Domestic team information
- 2013–2014: Hertfordshire
- 2014–2016: Oxford MCCU

Career statistics
| Competition | First-class |
| Matches | 6 |
| Runs scored | 160 |
| Batting average | 16.00 |
| 100s/50s | –/1 |
| Top score | 50 |
| Catches/stumpings | 4/– |
- Source: Cricinfo, 5 July 2019

= Lloyd Paternott =

English cricketer

Lloyd Christopher Paternott (born 15 January 1992) is an English former first-class cricketer.

Paternott was born at Watford in January 1992. He was educated at Felsted School, before going up to Oxford Brookes University.

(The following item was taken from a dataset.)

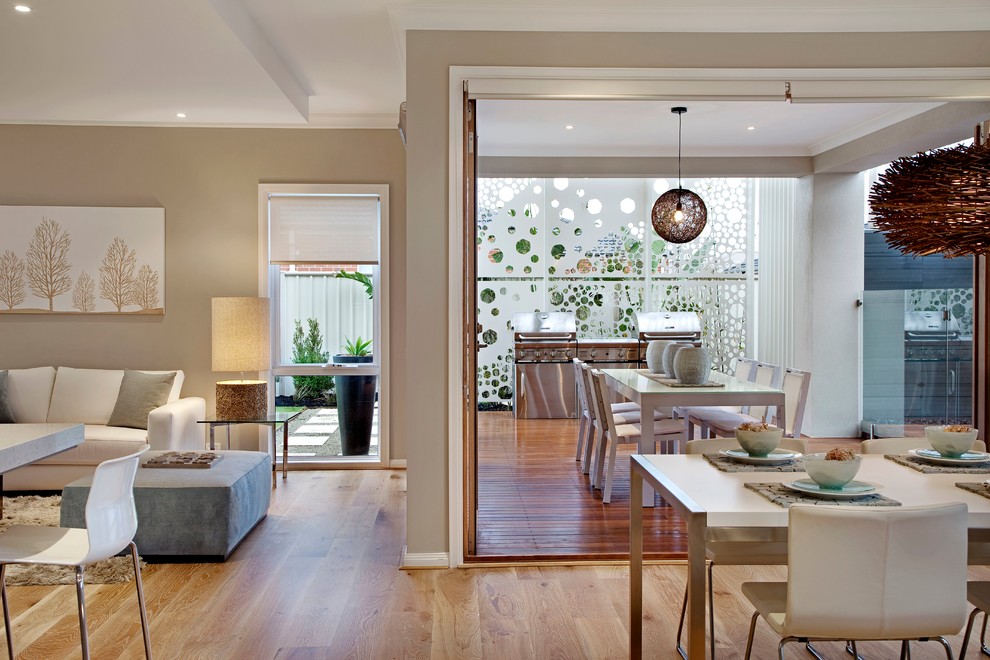 Offenes Modernes Wohnzimmer mit beiger Wandfarbe und braunem Holzboden in Melbourne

While studying at Oxford, he made his debut in first-class cricket for Oxford MCCU against Nottinghamshire at Oxford in 2014, top-scoring in the Oxford first-innings with 50 runs, in a score 102 all out. He played first-class cricket for Oxford MCCU until 2016, making a total of six appearances. He scored 160 runs in these matches, with his debut fifty his highest first-class score. In addition to playing first-class cricket, Paternott also played minor counties cricket for Hertfordshire in 2013 and 2014, making a single appearance in the Minor Counties Championship scoring 111 on debut and two appearances in the MCCA Knockout Trophy.

From 2014-2016, Paternott represented Northamptonshire's 2XI. During his first year with the county he went through a purple patch of form averaging 127 in 50 overs cricket and 39 in the 3 day format.

Paternott's mother is of Ugandan descent, meaning he is eligible to represent Uganda. The Uganda Cricket Association sought to seek approval for him to play for Uganda in the 2017 ICC World Cricket League Division Three, but did not seek clearance in time. He toured Qatar in 2018, but did not feature for Uganda in the 2018 ICC World Cricket League Division Four due to a dislocated knee in the first warm-up game. In July 2019, Paternott was one of twenty-five players named in the Ugandan training squad, ahead of the Cricket World Cup Challenge League fixtures in Hong Kong which was postponed due to political reasons.